▸ **DATA**:
┄┄┄┄┄┄┄┄┄┄┄┄┄┄┄┄┄┄┄┄

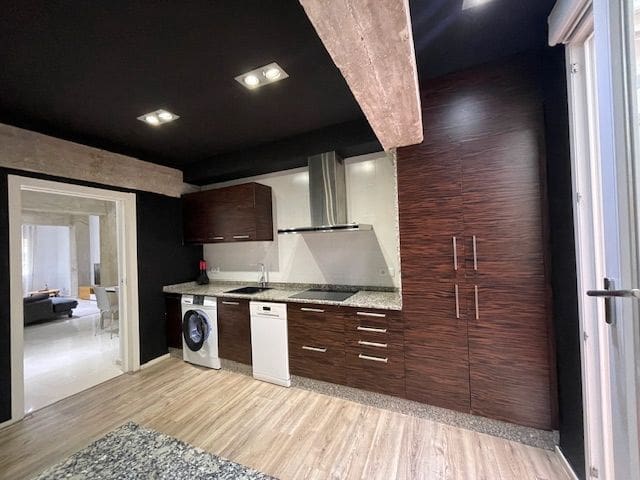 2 soveværelse Lejlighed til leje i Alicante by - € 1.400 (Ref: 8297687)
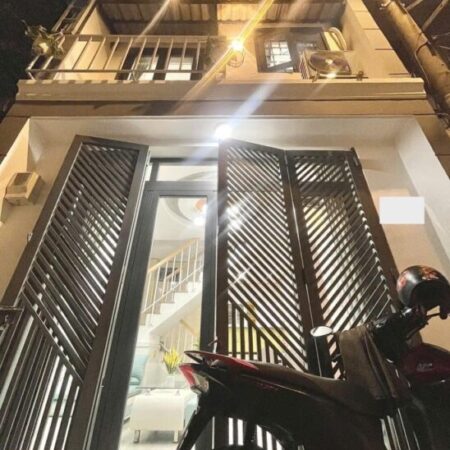 Nhà mới 2 tầng 26m2, Vuông – Quang Trung QV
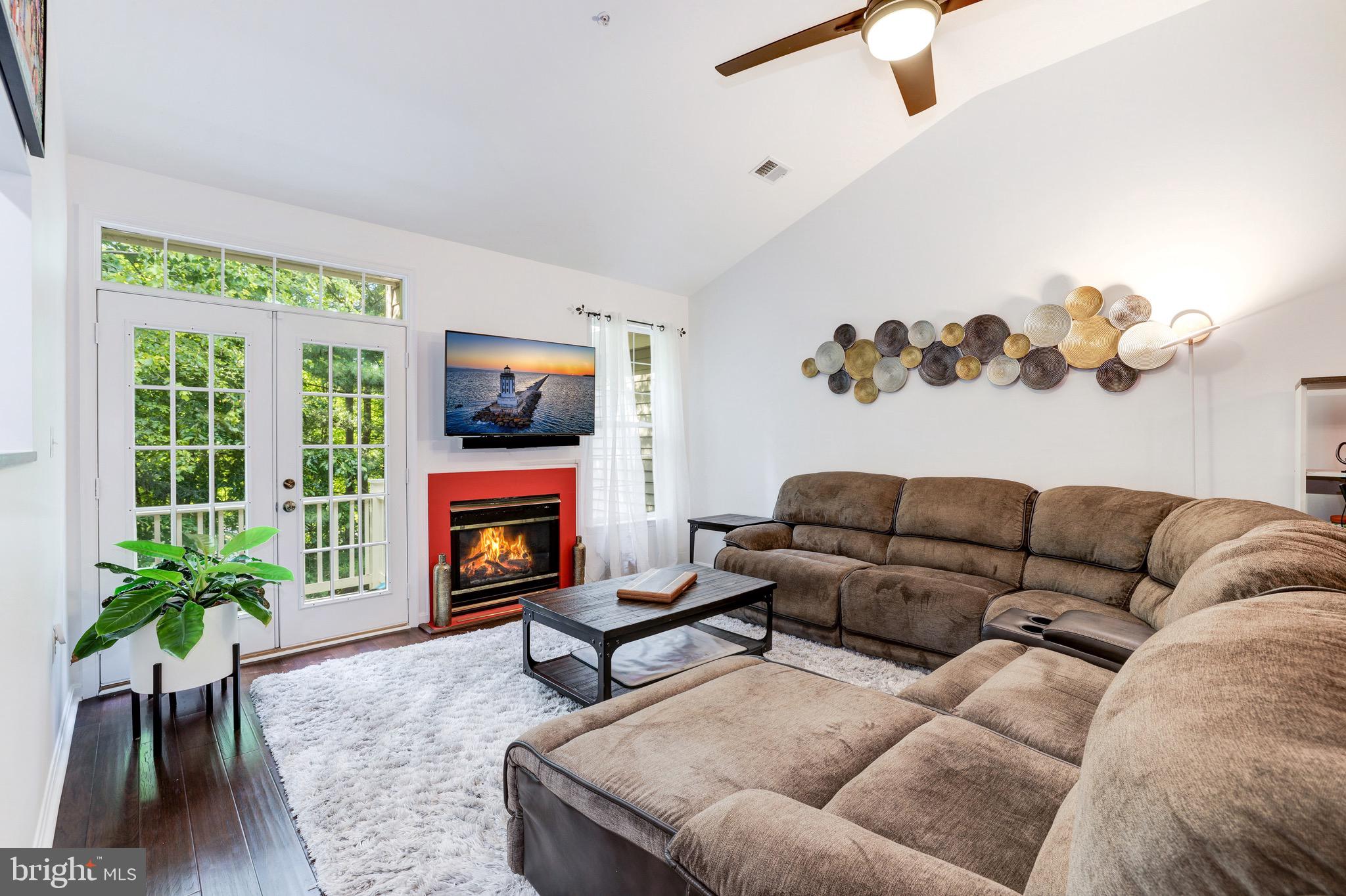 11406 Windleaf Court, Unit 13 Reston, VA 20194 - Photo 2 of 26 Gallery Image 2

┄┄┄┄┄┄┄┄┄┄┄┄┄┄┄┄┄┄┄┄

▸ **WHAT IS BEING ASKED**: Omit the pictures. Transcribe word for word the lines from the one containing "Nhà mới 2 tầng 26m2, Vuông – Quang Trung QV" through the end of the listing, inclusive.

▸ **WRITTEN ANSWER**:
 Nhà mới 2 tầng 26m2, Vuông – Quang Trung QV
 11406 Windleaf Court, Unit 13 Reston, VA 20194 - Photo 2 of 26 Gallery Image 2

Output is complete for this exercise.